It just happens to also be the case that the design Satoshi had for payment channels at that time was horribly broken and left nodes open to DoS attacks. So it was removed by other developers and slowly over time safe versions of the features were added again in the form of BIP68 (sequence number transaction replacement) and BIP141 (segwit).
And large blocks were very much part of Bitcoin's original plan. They were described even before the initial release of the software:
It's strange thing to try to summarize something and have someone question it happened at all. The subtext of this confuses me. This is a public mailing list and most of the people are still around and can answer much better than I can why the design of the opcodes are the way they are. There have been surprisingly many blind alleys in the short life of Bitcoin.
Payment channels are what Satoshi advocated, but it was my impression at the time that many others were more interested in things like sidechains and bearer proofs. The scalability of a system where everyone stores everyone else's transactions for all eternity was and still is the first thing people comment on. The second is the feasibility of everyday payments when the recommended confirmation time is up to an hour, best case. That's the reason people took interest in these proposals, even at a time when there was no economic pressure to do so, as transactions were completely free.
There's was no "original plan" as much as there were discussions. That doesn't mean Satoshi didn't have opinions. If your impression of the block size is shaped by the carnival mirror that is Reddit, it might be interesting to look at the reasoning why this limit was kept in place. But none of that matters in practice right now, because there is overwhelming consensus to double the block size (or quadruple, thinking adversarially) in a backwards compatible way and this will be active in a matter of weeks.
I didn't say that. I said there was no code added with the intention of making payment channels possible. The claim that there was is based on nothing more than conjecture on what the intended purpose of the script was, and the dating of an undated email from Satoshi that was first made public in late 2013.

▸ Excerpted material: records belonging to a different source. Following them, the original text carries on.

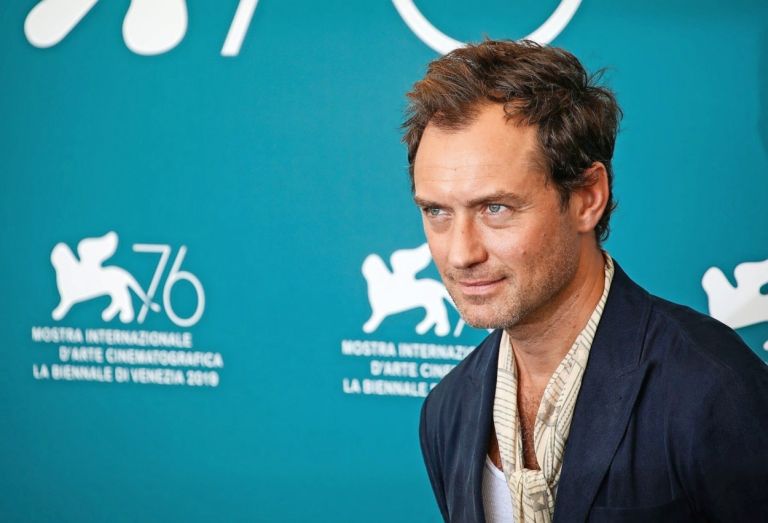 Jude Law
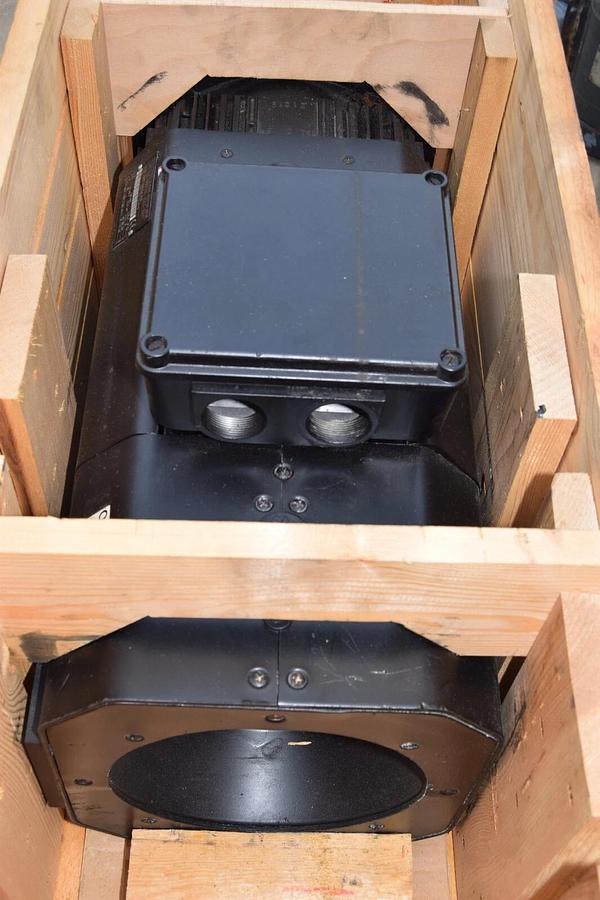 Indramat Rexroth Induction Motor 2AD132C-B350B6-BS03-B3V1 15kW 3ph (Refurb)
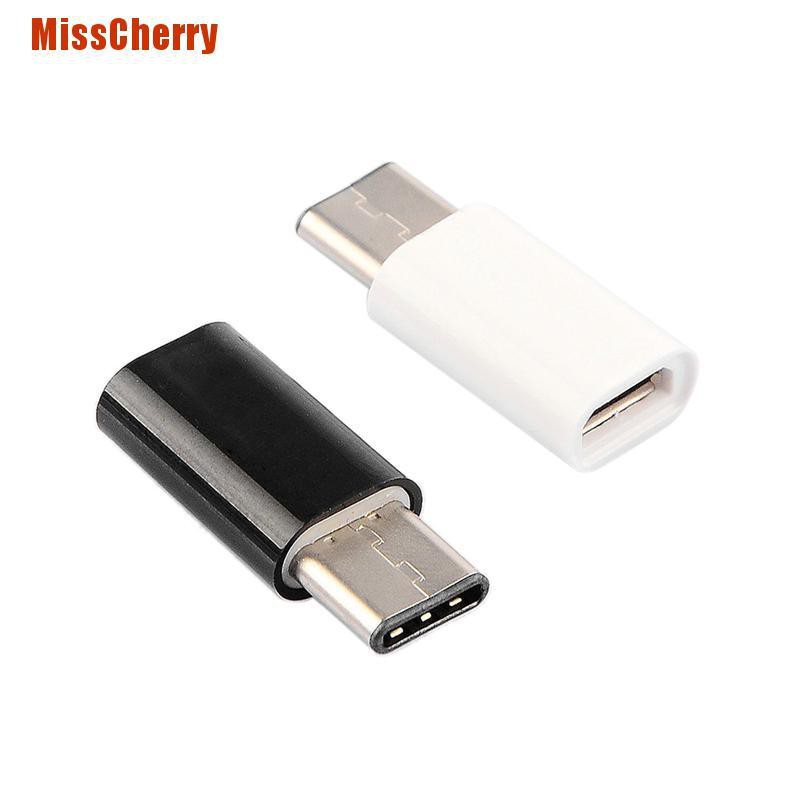 Đầu Chuyển Đổi Usb 3.1 Type C Sang Micro Usb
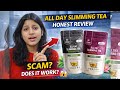All Day Slimming Tea Review 🔥 All Day Slimming Tea Real Weight Loss or Just Hype? #AllDaySlimmingTea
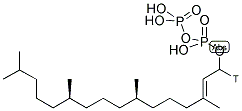 PHYTOL DIPHOSPHATE, [1-3H] 结构式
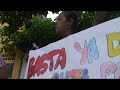 Conmemoracion masacre microbus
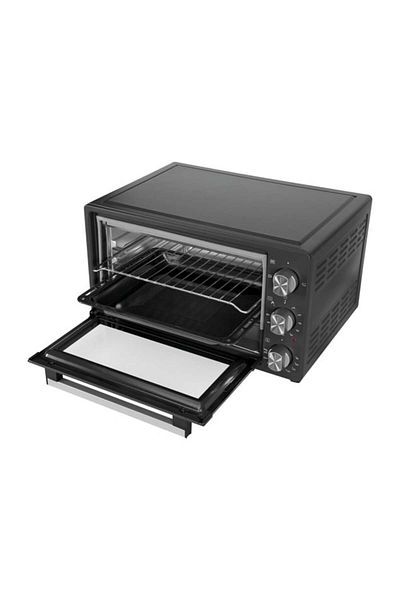 Vivax Oliva Vivax MO-2001 mini oven, 20 liters, 1500W, Black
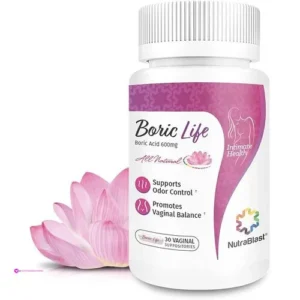 Boric Acid Suppositories Code Boric50…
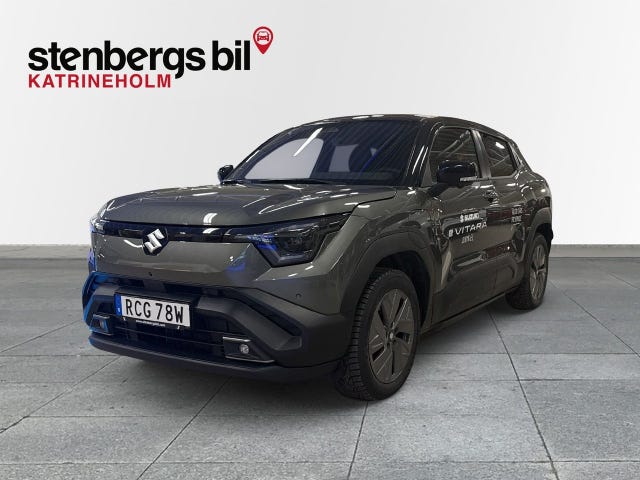 Suzuki eVitara 2025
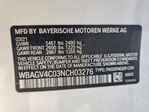 BMW Series 8 2022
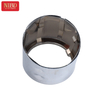 Exhaust pipe cover 18307536038 For BMW E60 E61 F01 F02
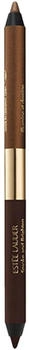 Estée Lauder Smoke and Brighten Kajal Eyeliner Duo (1g) Dark Chocolate / Rich Bronze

>There's was no "original plan" as much as there were discussions.
There were multiple statements by Nakamoto explaining how Bitcoin could and would scale. This was widely understood to be the scaling plan, as evidenced by what the Bitcoin Wiki said about scaling all the way up to late 2014. 
It's odd for you to describe your conjecture about the intended use for op codes and data fields as facts, while dismissing clear statements of intent by Nakamoto regarding how Bitcoin would be able to scale.
I merely summarized some of the many discussions that took place on a mailing list a few years ago. There are several pointers to notable posts in the wiki, and the archive contains all the source material.
If you or anyone else were also present in those discussions and wishes to analyze what was said and what could have been, I'll gladly take that discussion private. But I'm not interested in discussing the equivalent of whether the moon landing was staged.